Pasanggrahan entitled to Nagico insurance money, Court rules | THE DAILY HERALD

WILLEMSTAD/PHILIPSBURG–Pasanggrahan Hotel is entitled to US $5.5 million from insurer Nagico for the damage caused by Hurricane Irma in September 2017. A declaration of entitlement for this was recently issued by the Court of First Instance. The ruling was published this week.

  Nagico has insured the hotel for many years against hurricane damage, among other things. Pasanggrahan consists of four buildings: a monumental building including the reception; a building with retail space, laundry and storage space; a three-storey building  with  hotel rooms; and a five-storey building with hotel rooms. The contacts between Nagico and the hotel about the annual renewal of the insurance policies went through the insurance intermediary Oriental.

  The hotel had stated that it pays its premiums annually. It had requested that only the old main building, which includes the hotel’s kitchen, be insured for fire only. After Hurricane Irma it became clear that the hotel had fallen victim to Nagico’s sloppiness and the Babylonian confusion of language between Nagico and its agent Oriental. “A sloppiness that Nagico ‘uses’ to state that the three-story building, consisting of 18 hotel rooms, is only insured against fire,” the judge said.

  The old main building is the original monument from 1904 with the lobby, bar, kitchen and restaurant. Wrongly, the storage building and the three storey-building with hotel rooms are therefore no longer insured against hurricane damage.

  The hotel states that if the error was made by Oriental, it should be attributed to Nagico, because Oriental acted on behalf of Nagico. The insurer rejects the claims. The court points out that Nagico must still provide coverage, which prompted Nagico to invoke an arbitration clause.

  The judge stated that it follows from the documents, in particular the e-mail correspondence between the hotel, Oriental and Nagico, as well as the forms completed by the hotel, that few precise terms are used to designate the various buildings. 

  “It seems that everyone assumes to know the local situation very well so that there can actually be no misunderstanding. This is also in line with the small scale of St. Maarten and the familiarity of everyone with the hotel that partly has a monument status and is located in a prominent place on the Boardwalk. Only: Because of that sloppiness, problems arise when damage actually occurs.”

  Looking purely at the description in the policy, it is clear to anyone who knows the local situation that the description means that only a single building is insured against hurricane damage and the rest of the complex is not, the judge concluded.

  “This is actually not possible, because that means that the rest of the buildings are insured for a much lower amount than the three-storey building. That is not easy to understand, because why would you, as a hotel owner, only insure one building of the entire complex against hurricane damage?”

  In the opinion of the court, there was a misunderstanding in the communication in the chain Hotel-Oriental-Nagico in 2013, as a result of which, with the carelessness by Nagico, a completely different policy description was created on November 5, 2013, compared to the policies before that.

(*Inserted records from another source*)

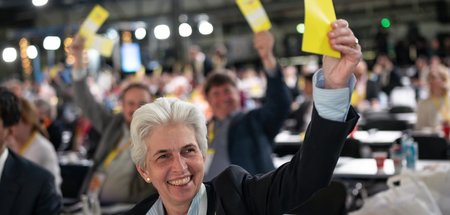 Will Panzer für Kiew. Strack-Zimmermann bei Abstimmung auf FDP-P...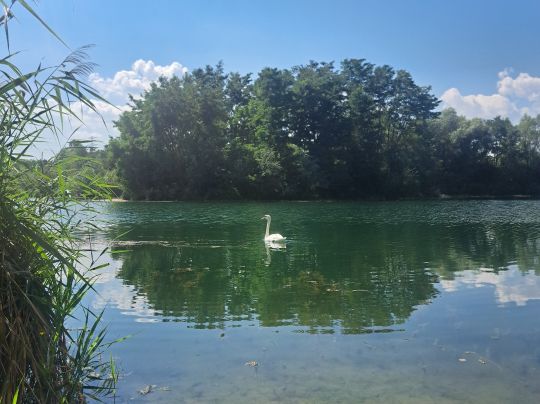 Kiessee Sporbitz-2
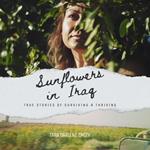 Sunflowers in Iraq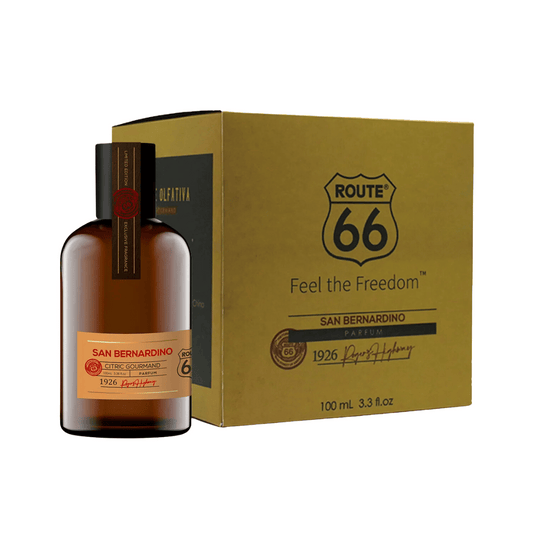 Perfume San Bernardino Route 66 Viking 100ml - Shopmano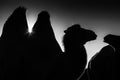 Black and white silhouette of camels in the desert, travel concept Royalty Free Stock Photo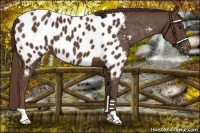 Horse Color:Liver Chestnut Appaloosa 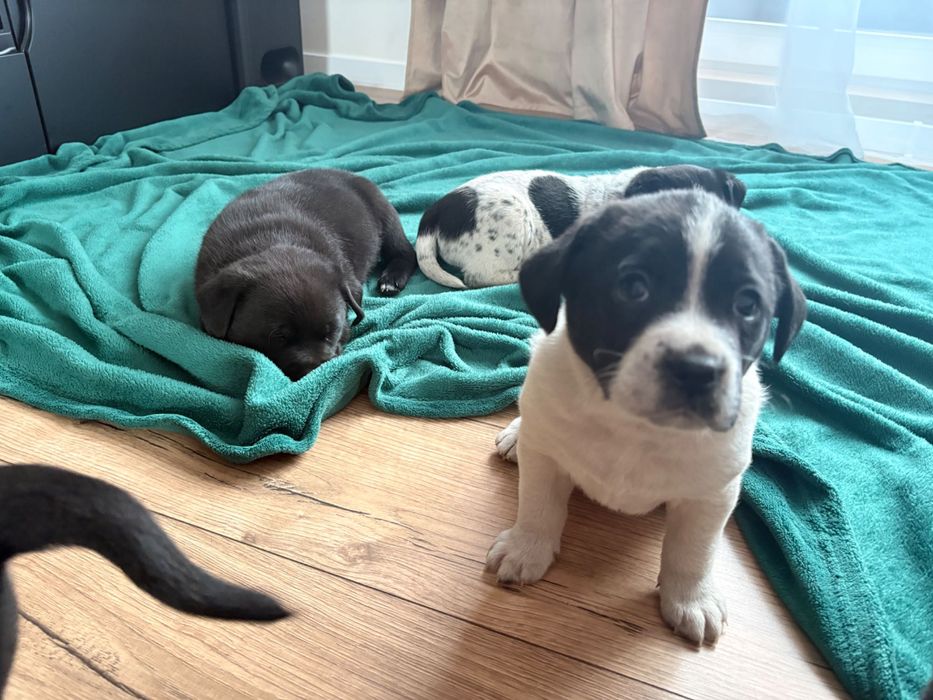 Rezerwacja wszystkich psiaków do weekendu- oddam cudowne szczeniaki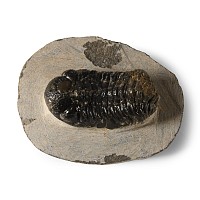 Natural History - Fossil Speculator Trilobite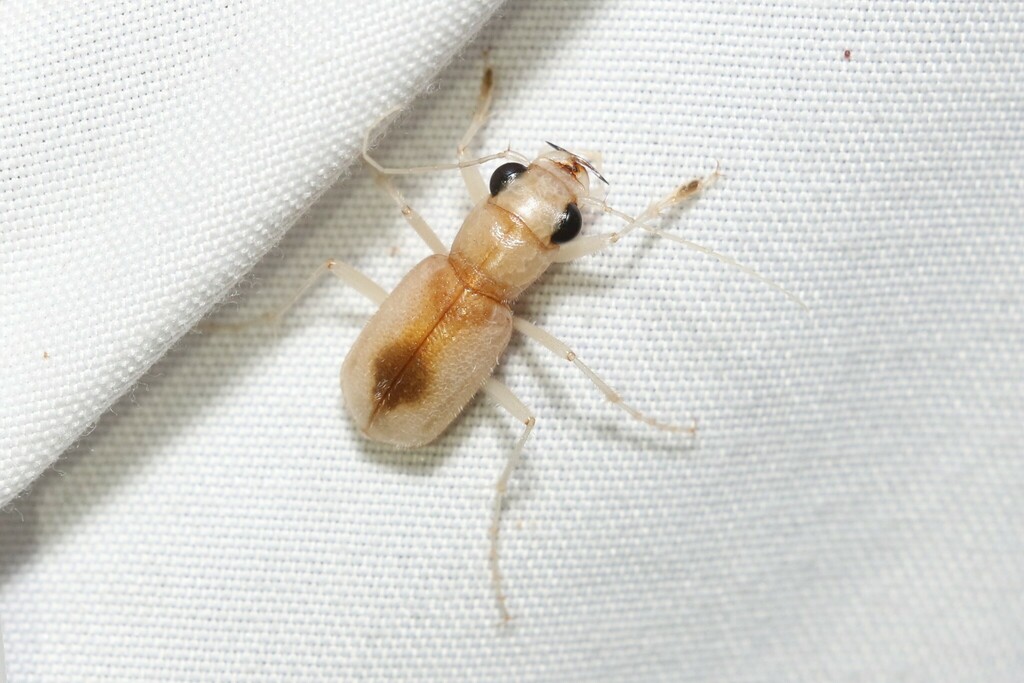Phaeoxantha nocturna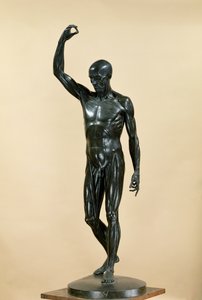 Corpo scuoiato (L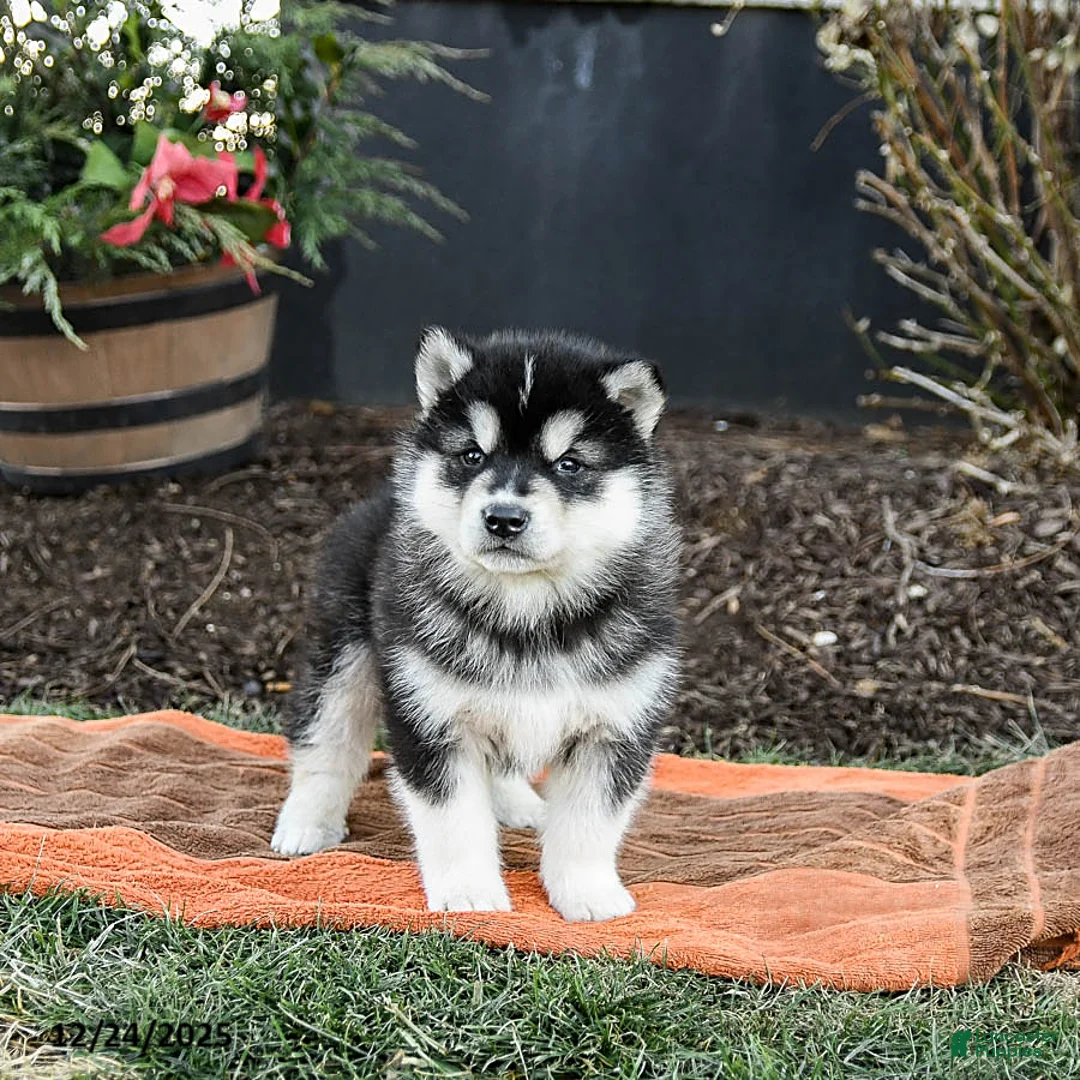 Alaskan Malamute dogs for sale: Jet - Ad 10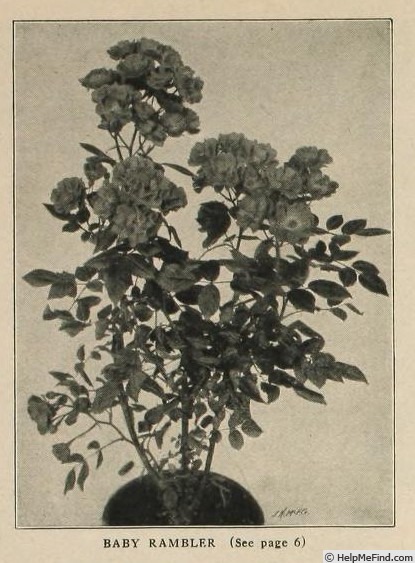 'Baby Rambler (polyantha, Levavasseur, by 1902)' rose photo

  In the contracts after 2013, this remained in the policies because no one thought about it anymore and because Nagico, as the hotel rightly argues, sometimes merely sent a renewal certificate so that no breakdown was visible of the sum for which the specific buildings were insured.

  In short, the court is of the opinion that three buildings are part of the coverage against hurricane damage. For the main building with offices and reception area, only coverage against fire applies, because hurricane damage is covered by the policy of the contractor. This means that the other three buildings together had hurricane coverage of $5.5 million dollars on September 6, 2017, when Hurricane Irma hit.